Our trip started off with a rather adventurous twist. For those not following the news, Karnataka’s coast has been battered by the monsoons. Most of the ponds and lakes are overflowing and the roads were flooded at multiple places. As our bus from Bangalore navigated through tyre-deep water (where cars and vans were stuck), we ran into electricity wires that were hanging low! A few tense moments and we realized that the place (luckily for us) had no power. The bus conductor, rather foolhardily than bravely, pushed the wires with a plastic bag and we took a deep breath again.
Monsoon is the best time to be in Agumbe. That’s when the forest comes alive. Streams turn into rivulets. Waterfalls abound. Raindrops fall on your head :). The fog turns it into a dream. Although most animals and birds are hard to spot in this weather, frogs, crabs and snakes appeared to be having a gala time.

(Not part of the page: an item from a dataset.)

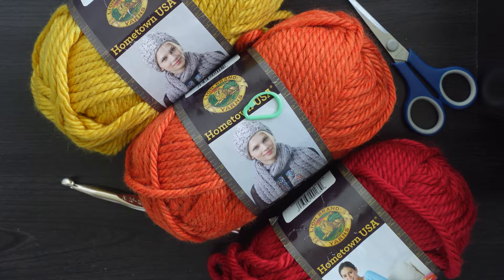Shout out to Nadia from Yarntopia — I saw a video where she made a wavy chunky hat, and this is definitely inspired by that. I really liked how she made the waves in that hat, and since it's fall, I figured let's make one like that but with fall colors. Alright, let's get started!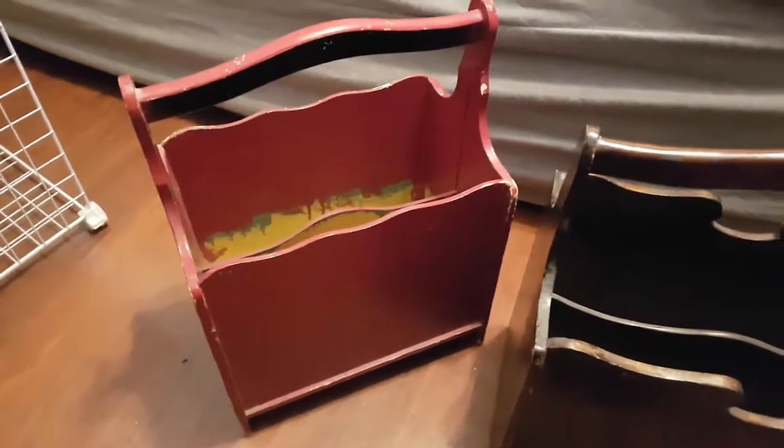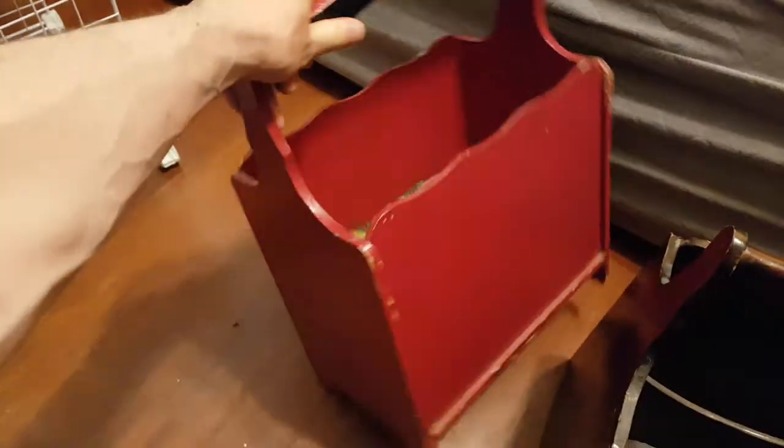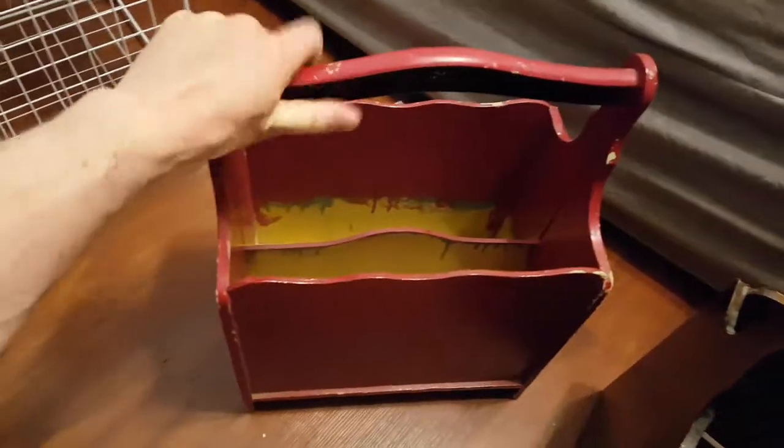Dan here with iWeb Surplus Inventory, and today I've got two — count 'em, two — wooden magazine stands. Now the first one is a bit in rougher shape, so give me 10 bucks and get it out of here.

The following is a list of frogs and snakes seen on the trip.
1. Rhacophorus Malabaricus (Malabar flying frog)
2. Duttaphrynus melanosticus (Common Indian Toad)
3. Sylvirana Temporalis (Bronzed Frog)
4. Philautus Neelanethrus (Blue-eyed Bush Frog)
5. Philautus Ponmudi (Ponmudi Bush-frog)
6. Philautus Wynaadensis (White-nosed Bush-frog)
7. Euphlyctis Cyanophlyctis (Common Skittering Frog)
1. Spectacled Cobra (Naja naja)
2. Hill Keelback (Amphiesma monticola)
3. Green vine snake (Ahaetulla nasuta)
4. Malabar rock pit viper (Trimeresurus malabaricus)
The thing with most of us city-breds is that rains automatically trigger an instinct to get indoors. I “suffered” with this for the first couple of days of my trip. I would get up to the sound of rain and would feel so thankful that I was indoors. Then, better sense would prevail on the purpose of my trip. I would slowly get myself into a raincoat, with my camera hanging on my side, and be off into the rains.
Leeches were a particularly interesting part of the trip. These slimy heat-sensing creatures come out of a long sleep at the onset of the monsoons and suck blood out of everything that moves. And they are everywhere. I was, admittedly, very scared of them for the first two days. I wouldn’t go out without leech socks and would scream when I found one of them on me. Then I saw a long stream of blood on my leg (from a leech that had had its fill and fallen off). And, leeches became a part of life.
I must thank ARRS for the fantastic experience. They helped us get around the rainforest and see the bio-diversity. They educated us on so many aspects, including how they track the King. The stay was homely and I still miss the simple food. Thank you guys!